You can see it as builder pattern for command line tools.

For command that supports chaining function calls, you can chain multiple commands with `-` to build your desired command.
You will find many examples in `Examples` section below.

### Thinking in oh-my-batch
[English](./doc/thinking-in-omb.md) | [中文](./doc/thinking-in-omb.zh.md)
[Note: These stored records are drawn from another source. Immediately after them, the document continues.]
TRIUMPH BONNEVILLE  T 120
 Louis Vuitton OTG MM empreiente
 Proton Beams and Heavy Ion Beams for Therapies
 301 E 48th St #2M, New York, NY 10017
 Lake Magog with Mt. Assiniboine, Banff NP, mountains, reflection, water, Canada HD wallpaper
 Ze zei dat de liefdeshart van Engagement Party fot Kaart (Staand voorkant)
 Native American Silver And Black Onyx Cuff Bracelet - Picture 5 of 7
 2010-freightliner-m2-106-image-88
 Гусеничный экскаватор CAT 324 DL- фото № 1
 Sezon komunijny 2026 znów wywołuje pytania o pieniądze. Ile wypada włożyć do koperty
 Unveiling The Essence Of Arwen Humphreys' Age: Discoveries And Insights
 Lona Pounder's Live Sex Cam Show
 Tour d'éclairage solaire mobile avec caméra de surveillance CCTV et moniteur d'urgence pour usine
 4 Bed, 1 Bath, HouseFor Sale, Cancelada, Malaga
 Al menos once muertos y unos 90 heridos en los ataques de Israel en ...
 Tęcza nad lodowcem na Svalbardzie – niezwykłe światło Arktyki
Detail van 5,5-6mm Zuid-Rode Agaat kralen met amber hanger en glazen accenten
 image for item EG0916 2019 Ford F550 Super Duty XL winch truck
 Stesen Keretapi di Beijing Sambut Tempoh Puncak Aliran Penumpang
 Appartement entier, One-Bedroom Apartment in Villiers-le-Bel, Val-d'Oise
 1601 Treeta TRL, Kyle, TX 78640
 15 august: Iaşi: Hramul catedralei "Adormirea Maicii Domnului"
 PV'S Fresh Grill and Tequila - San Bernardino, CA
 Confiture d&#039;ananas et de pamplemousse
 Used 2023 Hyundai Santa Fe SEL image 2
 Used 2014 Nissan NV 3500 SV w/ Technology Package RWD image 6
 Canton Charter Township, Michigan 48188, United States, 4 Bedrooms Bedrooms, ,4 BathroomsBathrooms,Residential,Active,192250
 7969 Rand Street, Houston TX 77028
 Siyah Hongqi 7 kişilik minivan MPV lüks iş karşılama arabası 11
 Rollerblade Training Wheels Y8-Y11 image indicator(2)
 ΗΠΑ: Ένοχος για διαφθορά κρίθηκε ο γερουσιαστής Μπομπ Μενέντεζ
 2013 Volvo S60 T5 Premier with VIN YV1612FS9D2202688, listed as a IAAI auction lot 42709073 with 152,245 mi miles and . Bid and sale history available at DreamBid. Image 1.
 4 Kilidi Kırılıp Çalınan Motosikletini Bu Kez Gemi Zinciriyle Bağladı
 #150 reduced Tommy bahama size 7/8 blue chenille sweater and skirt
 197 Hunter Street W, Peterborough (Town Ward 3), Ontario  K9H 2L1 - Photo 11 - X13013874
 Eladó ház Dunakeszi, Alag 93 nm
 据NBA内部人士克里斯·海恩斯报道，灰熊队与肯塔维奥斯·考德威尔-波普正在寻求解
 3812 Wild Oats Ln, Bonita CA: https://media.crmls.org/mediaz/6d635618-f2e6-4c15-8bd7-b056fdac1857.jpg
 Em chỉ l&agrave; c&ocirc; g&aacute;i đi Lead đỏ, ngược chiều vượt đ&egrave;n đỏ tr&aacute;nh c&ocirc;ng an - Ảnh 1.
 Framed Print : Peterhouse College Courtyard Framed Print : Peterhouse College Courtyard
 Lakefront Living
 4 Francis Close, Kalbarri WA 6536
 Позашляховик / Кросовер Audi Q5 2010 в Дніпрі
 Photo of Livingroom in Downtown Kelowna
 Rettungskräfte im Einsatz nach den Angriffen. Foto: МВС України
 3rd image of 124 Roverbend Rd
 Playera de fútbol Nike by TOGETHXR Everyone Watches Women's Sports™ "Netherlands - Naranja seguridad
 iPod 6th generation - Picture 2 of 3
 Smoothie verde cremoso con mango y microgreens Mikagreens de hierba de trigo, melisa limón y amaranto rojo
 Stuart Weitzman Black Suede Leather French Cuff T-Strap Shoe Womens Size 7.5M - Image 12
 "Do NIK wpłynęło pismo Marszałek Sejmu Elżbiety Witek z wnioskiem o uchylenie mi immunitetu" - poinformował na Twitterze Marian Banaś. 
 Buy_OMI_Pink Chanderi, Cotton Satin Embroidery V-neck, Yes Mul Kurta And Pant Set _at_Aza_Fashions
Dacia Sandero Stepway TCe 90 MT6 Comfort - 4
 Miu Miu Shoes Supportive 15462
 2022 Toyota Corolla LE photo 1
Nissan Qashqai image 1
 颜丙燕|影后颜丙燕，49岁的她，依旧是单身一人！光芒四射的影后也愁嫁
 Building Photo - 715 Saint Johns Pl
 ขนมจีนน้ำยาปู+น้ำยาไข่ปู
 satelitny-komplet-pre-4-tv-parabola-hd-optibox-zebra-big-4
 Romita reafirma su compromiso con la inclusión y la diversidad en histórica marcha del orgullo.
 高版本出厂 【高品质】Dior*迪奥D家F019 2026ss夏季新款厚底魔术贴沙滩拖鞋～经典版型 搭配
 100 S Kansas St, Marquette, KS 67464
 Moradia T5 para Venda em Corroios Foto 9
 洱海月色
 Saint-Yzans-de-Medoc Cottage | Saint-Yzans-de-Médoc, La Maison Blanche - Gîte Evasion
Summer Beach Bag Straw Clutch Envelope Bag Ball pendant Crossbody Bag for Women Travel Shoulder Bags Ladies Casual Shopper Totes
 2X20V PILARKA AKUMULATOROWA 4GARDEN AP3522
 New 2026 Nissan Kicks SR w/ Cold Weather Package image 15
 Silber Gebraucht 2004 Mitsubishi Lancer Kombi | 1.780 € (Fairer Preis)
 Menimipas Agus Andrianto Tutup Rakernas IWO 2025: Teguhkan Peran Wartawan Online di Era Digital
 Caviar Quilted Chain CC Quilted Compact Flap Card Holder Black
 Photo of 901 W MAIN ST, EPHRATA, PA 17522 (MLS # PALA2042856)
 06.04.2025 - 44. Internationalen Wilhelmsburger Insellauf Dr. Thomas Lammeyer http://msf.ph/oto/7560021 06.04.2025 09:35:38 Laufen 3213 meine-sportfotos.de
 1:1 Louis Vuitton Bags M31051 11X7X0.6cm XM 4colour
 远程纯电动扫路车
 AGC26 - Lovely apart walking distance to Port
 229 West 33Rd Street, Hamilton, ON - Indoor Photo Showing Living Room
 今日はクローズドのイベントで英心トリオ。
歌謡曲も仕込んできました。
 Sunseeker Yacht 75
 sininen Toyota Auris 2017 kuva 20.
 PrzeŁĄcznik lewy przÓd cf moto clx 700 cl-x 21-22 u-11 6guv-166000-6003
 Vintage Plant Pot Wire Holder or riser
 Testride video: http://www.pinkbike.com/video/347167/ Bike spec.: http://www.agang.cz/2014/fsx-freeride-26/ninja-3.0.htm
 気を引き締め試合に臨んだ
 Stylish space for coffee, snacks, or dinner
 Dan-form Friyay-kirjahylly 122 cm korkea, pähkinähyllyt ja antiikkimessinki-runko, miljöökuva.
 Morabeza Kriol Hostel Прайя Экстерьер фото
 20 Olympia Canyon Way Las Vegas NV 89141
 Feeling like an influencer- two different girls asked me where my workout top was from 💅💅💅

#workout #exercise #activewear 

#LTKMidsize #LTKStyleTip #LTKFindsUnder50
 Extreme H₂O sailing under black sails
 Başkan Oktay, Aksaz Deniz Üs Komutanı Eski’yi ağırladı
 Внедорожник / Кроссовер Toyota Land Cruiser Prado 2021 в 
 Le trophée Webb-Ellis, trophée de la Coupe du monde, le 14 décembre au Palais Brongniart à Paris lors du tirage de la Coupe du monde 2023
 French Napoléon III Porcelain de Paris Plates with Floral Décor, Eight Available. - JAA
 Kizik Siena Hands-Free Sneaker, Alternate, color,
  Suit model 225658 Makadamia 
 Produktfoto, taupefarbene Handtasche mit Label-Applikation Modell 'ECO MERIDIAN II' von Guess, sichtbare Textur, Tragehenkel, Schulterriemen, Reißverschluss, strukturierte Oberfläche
> Note that the document is not yet complete. 

## Examples
* [TESLA workflow](./examples/tesla/): A customizable active learning workflow for training machine learning potentials.
* [TESLA PIMD workflow](./examples/tesla-pimd/): A customizable active learning workflow for training machine learning potentials with path integral molecular dynamics.
* [LAMMPS benchmark](./examples/lammps-benchmark/): Find out the best MPI and OpenMP setup for LAMMPS through benchmarking.


## Use cases

### Generate files from different combinations of parameters

It's common to generate files with different combinations of parameters in scientific computing.
For example, you have 3 LAMMPS data files in `tmp` directory: `tmp/1.data`, `tmp/2.data`, `tmp/3.data`.
And you want to generate a series of input files with different parameters,
for example, different temperatures 300K, 400K, 500K, against each data file.

In this case, you can use `omb combo` command to generate a series of input files for you.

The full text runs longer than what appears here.